Bicycles are used by many and you'd better watch out! There are bike lanes where people travel 3 or 4 abreast. I guess there's safety in numbers. No one gives way to a mere pedestrian. On many streets when traffic is stopped for a red light, cars making right turns breeze on through and watch out if you're in their path. Interestingly, most everyone signals when they turn or change lanes. I haven't yet seen anyone hit a bike rider or a person but, boy, do they come close! The only time I've seen so many bike riders in a city was when I was in Amsterdam. There are very few motorcyles or vespas. Quite the opposite of Italy where vespas were everywhere. No one wears helmets and most taxis do not have seat belts in the back seat.

Tuesday, October 17, 2006

The Great Wall at Mutianyu


Last week I expressed a desire to see the Great Wall of China. Immediately Mr. Song sprang into action and arranged a visit for Monday. A friend of Mr. Lu, our Manager, drove Shelley and me to the Great Wall. We went to Mutianyu which is supposed to be less crowded than Badaling. As we drove there, we passed through rain and fog but when we got to the Great Wall we were greated with sunshine. It turned out to be one of the best weather days I've had since I've been here. We decided to take the cable car up and walk down. There were few people and most of them were English speaking tourists. Not only is the Wall itself impressive, the views are breathtaking. We ambled along the Wall for about a mile or more and then cut off to a path through the woods. Along this path was a stone museum and a beautiful cave. All in all it was a great trip and, like remembering your first anything, one I will always remember. It also was fun to get out of the city and enjoy the countryside and fresh (read unpolluted) air.

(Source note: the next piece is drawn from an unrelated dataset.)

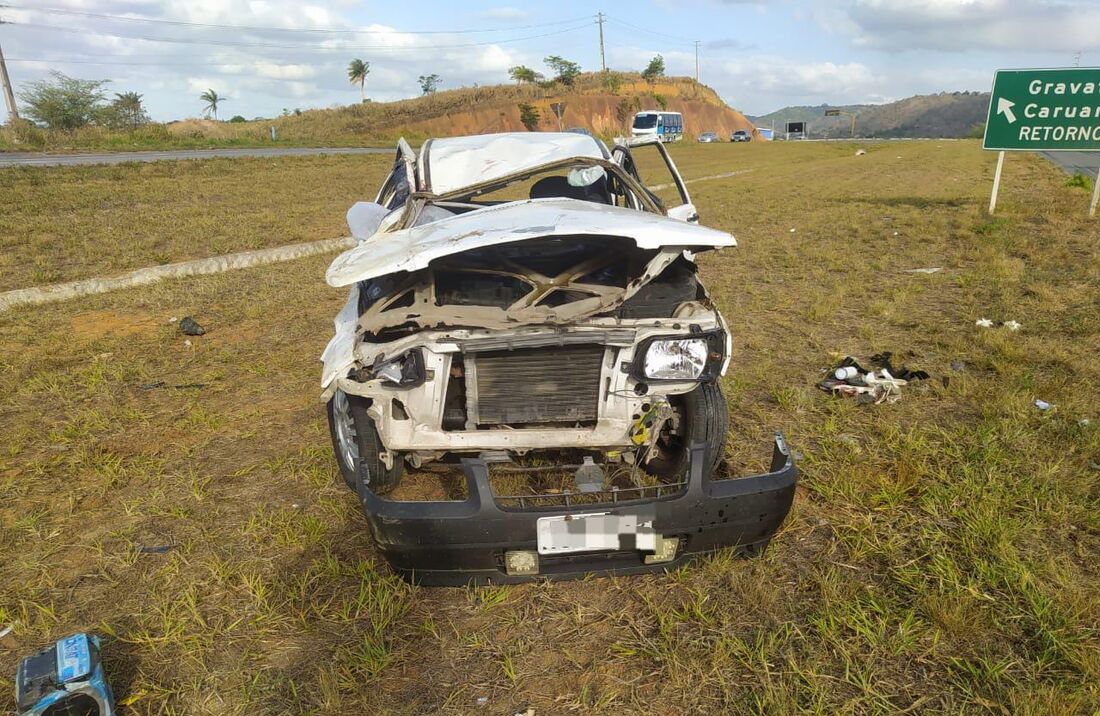 Carro capotou após motorista perder controle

"The Great Wall is a magnificent construction project in ancient China, one of the wonders in the history of human civilization. The construction of the Great Wall began in the 7th and 8th centuries B.C. During the period of over 2000 years, more than 20 dukes or princes and feudal dynasties contributed to the building of the Great Wall. It was listed as one of the world's cultural heritages by the UN Educational, Scientific and Cultural Organization in 1987." (taken from a description I read)

The Great Wall is estimated to be about 6,200 miles long. However, some efforts at calculating its length, and taking into account its numerous meanderings up and down, have estimated it to be as long as 31,000 miles.